▸ **INSTRUCTIONS TO FOLLOW**
For the data that follows, print the line with "Hstyle Grip Pilates", the line with "BELLA - Studded Oversized Tee - Washed Black", and all lines between them, exactly as they stand. Omit pictures and add nothing.

▸ **RECORDS FOR THE EXERCISE**
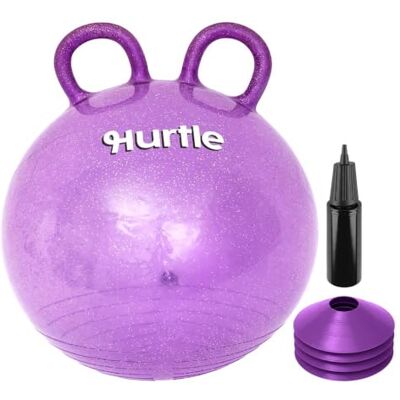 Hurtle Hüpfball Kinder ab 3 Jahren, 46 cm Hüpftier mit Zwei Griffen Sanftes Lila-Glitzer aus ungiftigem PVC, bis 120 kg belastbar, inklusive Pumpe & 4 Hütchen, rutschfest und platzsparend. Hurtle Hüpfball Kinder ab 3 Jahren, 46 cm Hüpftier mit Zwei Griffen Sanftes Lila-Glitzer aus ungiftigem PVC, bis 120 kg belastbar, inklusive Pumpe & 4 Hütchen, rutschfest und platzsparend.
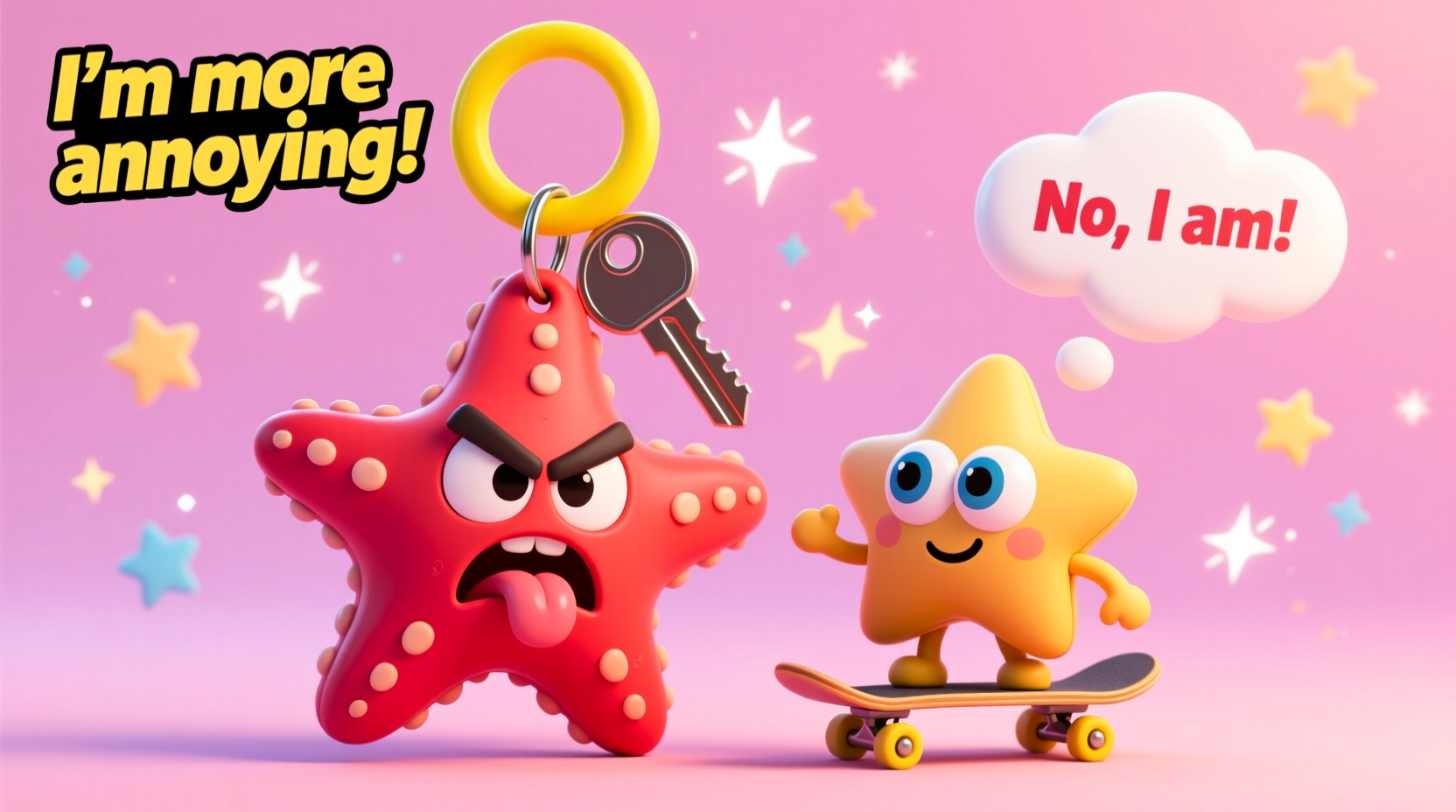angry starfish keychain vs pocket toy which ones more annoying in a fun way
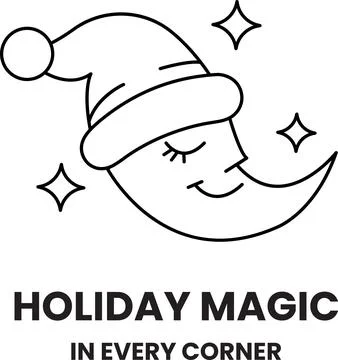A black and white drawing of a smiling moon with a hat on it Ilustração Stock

...

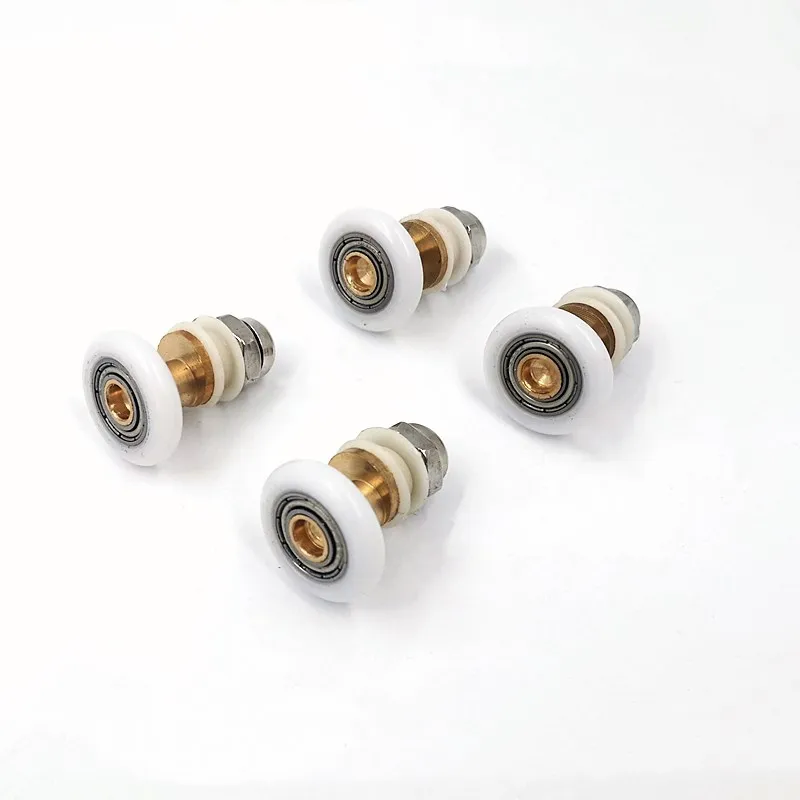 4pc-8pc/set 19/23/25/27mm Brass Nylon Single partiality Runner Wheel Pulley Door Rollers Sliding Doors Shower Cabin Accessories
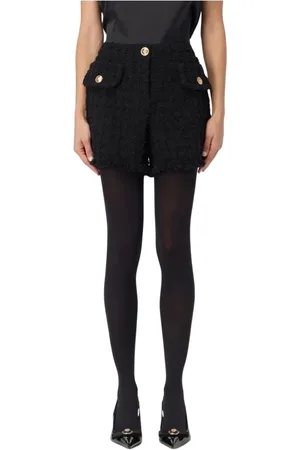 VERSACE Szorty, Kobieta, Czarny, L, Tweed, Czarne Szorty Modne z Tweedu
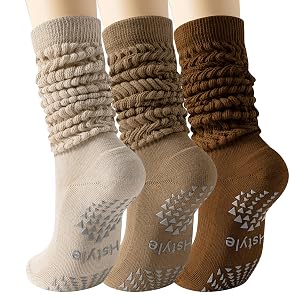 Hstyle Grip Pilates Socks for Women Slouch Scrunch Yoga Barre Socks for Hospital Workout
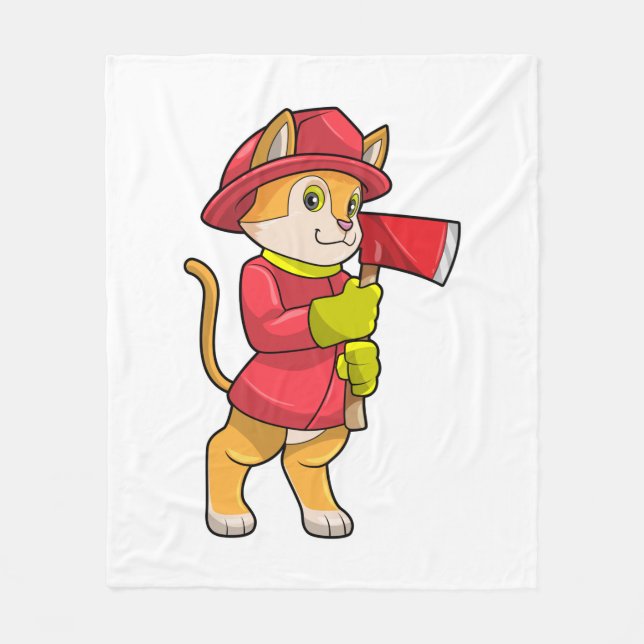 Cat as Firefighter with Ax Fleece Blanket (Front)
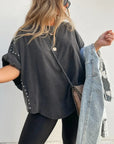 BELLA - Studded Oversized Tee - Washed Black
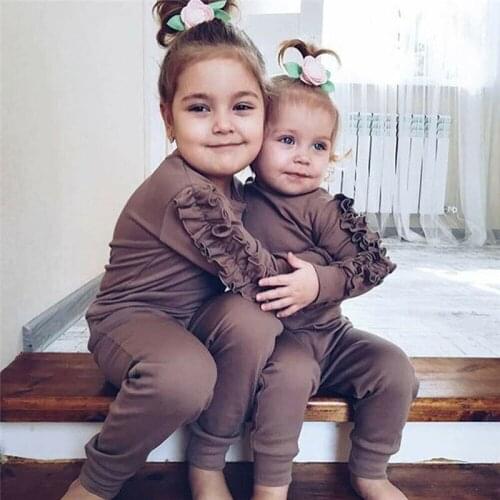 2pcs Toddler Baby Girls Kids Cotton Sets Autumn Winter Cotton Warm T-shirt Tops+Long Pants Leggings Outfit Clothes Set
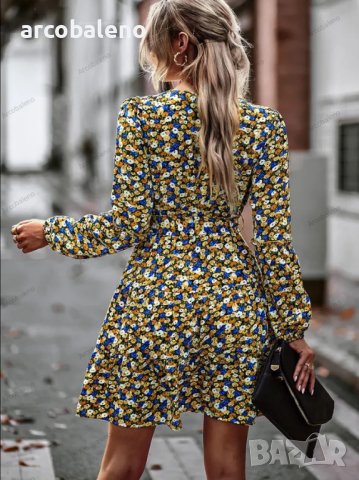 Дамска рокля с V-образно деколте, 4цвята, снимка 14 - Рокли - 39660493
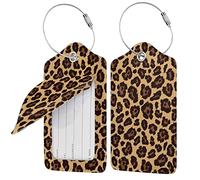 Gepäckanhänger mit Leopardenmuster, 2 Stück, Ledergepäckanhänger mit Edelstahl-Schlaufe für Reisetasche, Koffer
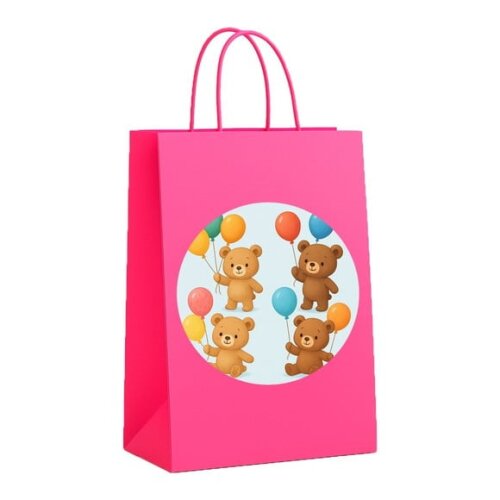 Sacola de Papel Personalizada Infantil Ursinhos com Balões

▸ **SOLUTION BELOW**
 Hstyle Grip Pilates Socks for Women Slouch Scrunch Yoga Barre Socks for Hospital Workout
 Cat as Firefighter with Ax Fleece Blanket (Front)
 BELLA - Studded Oversized Tee - Washed Black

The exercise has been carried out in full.